According to The Christian Post, hundreds of families in the Kurdish town of Telskuf were told this week to leave the city because of Iraqi soldiers. The soldiers were planning to recapture the city.
Some 1,000 Christian families had returned to the city in the last year.
Most of the Christians who returned to the town fled again to the town of Alqosh. Reports said that only a priest and a handful of people who worked for the church stayed behind.
“Nobody wants this to be collateral damage in a contest between these two entities,” a source told The Christian Post. “It’s a Christian town and you have the Kurdish peshmerga and the Iraqi army fighting over it and the people who had just faced genocide and just moved home are going to be the unintended victims here.”
The plan to recapture the city, however, was stopped, but the situation is “touch-and-go.”

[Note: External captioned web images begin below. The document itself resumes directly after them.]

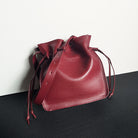 Red leather drawstring bag on a black surface with a white background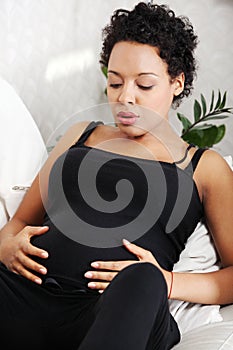 Young pregnant woman sitting on sofa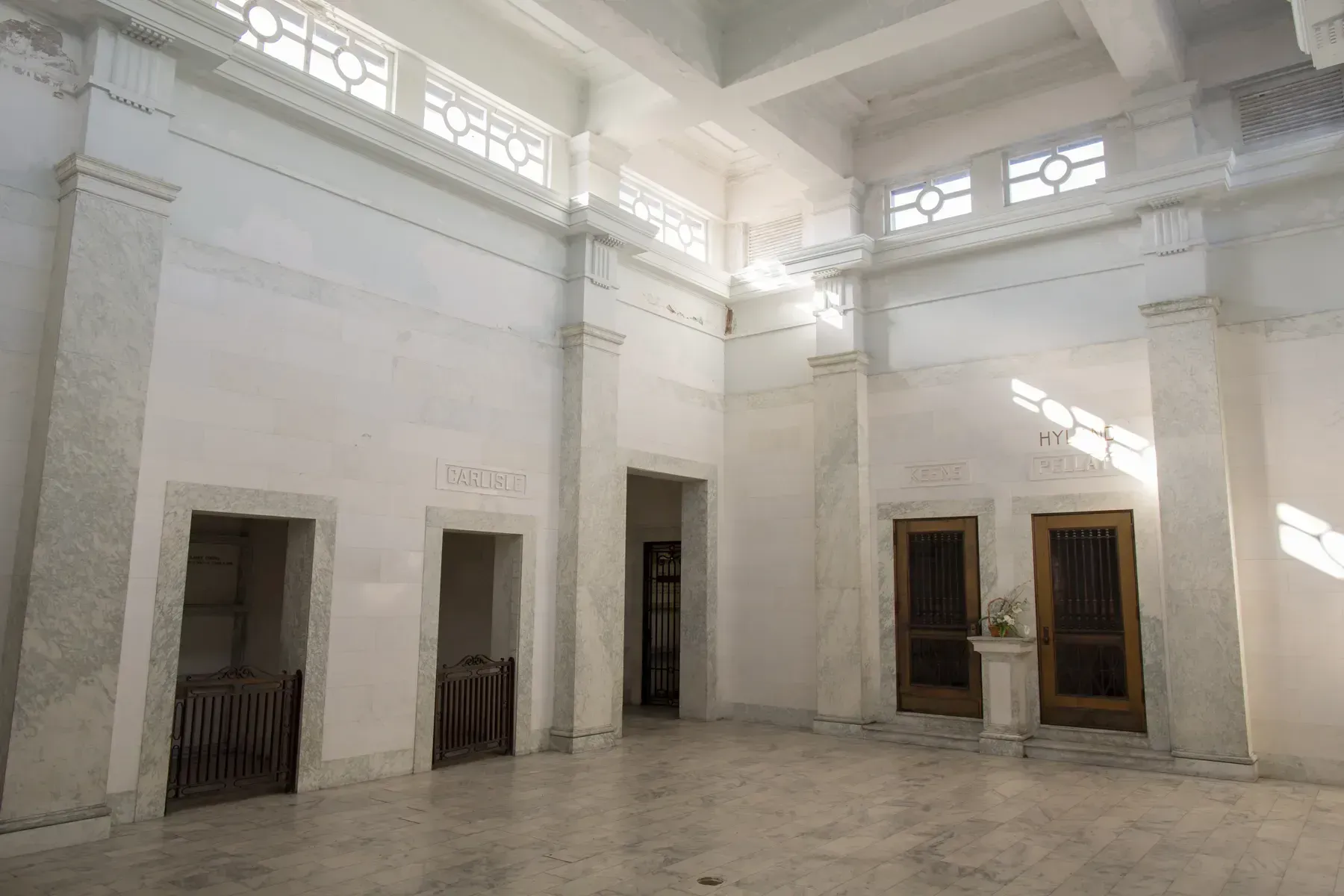 Bright, empty white room with high windows, doorways, and sunlight streaming across the floor.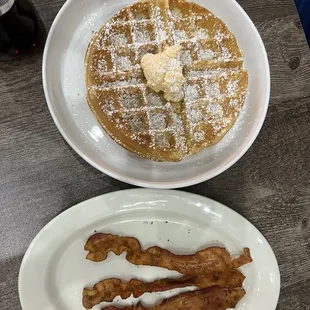 Waffle with infused strawberry butter, side of crispy bacon.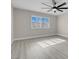 Bright bedroom with light gray wood floors, a modern ceiling fan, and a large window at 8232 Ocean Terrace Way, Las Vegas, NV 89128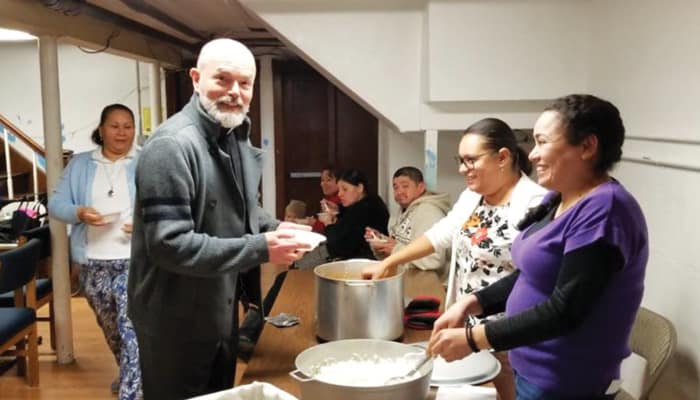 Father Lopez-Cardinale, pastor of St. Benedict Church, enjoys a meal with community members at a parish event in 2019. (Courtesy of Alejandro Lopez-Cardinale/U.S.)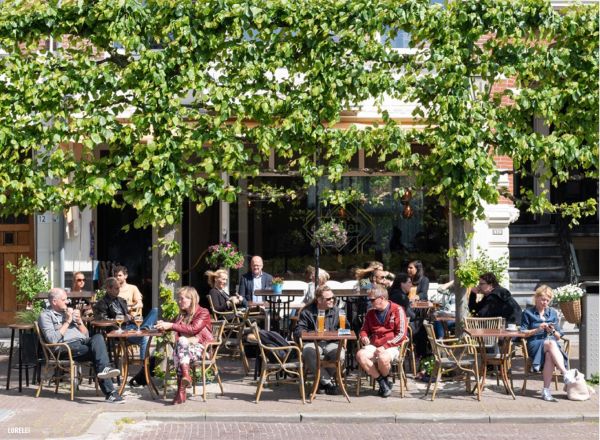 Book cover of The 500 Hidden Secrets of The Hague, with a figure walking down stairwell. Published by Luster Publishing.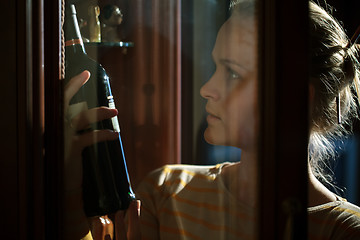 Image showing Woman picking out wine bottle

“We are very grateful that just this evening American government involvement was able to stop the planned battle for Telskuf — a town in Nineveh recently liberated from ISIS and rebuilt with a $2 million grant from the government of Hungary,” said Carl Anderson, head of the Catholic-fraternal organization and advocacy group Knights of Columbus.
“The destruction of that town could have been in a very real way, the beginning of the end of Christianity in Iraq. There are so few towns left that every one of them is precious. While the peace is fragile, we are grateful for our government’s attention to this issue.”
On Wednesday, Vice President Mike Pence said that President Donald Trump has directed the U.S. State Department to provide aid directly to faith-based organizations and other groups helping with displaced religious minorities.
“We will no longer rely on the United Nations alone to assist persecuted Christians and minorities in the wake of genocide and the atrocities of terrorist groups,” Pence explained. “The United States will work hand-in-hand from this day forward with faith-based groups and private organizations to help those who are persecuted.”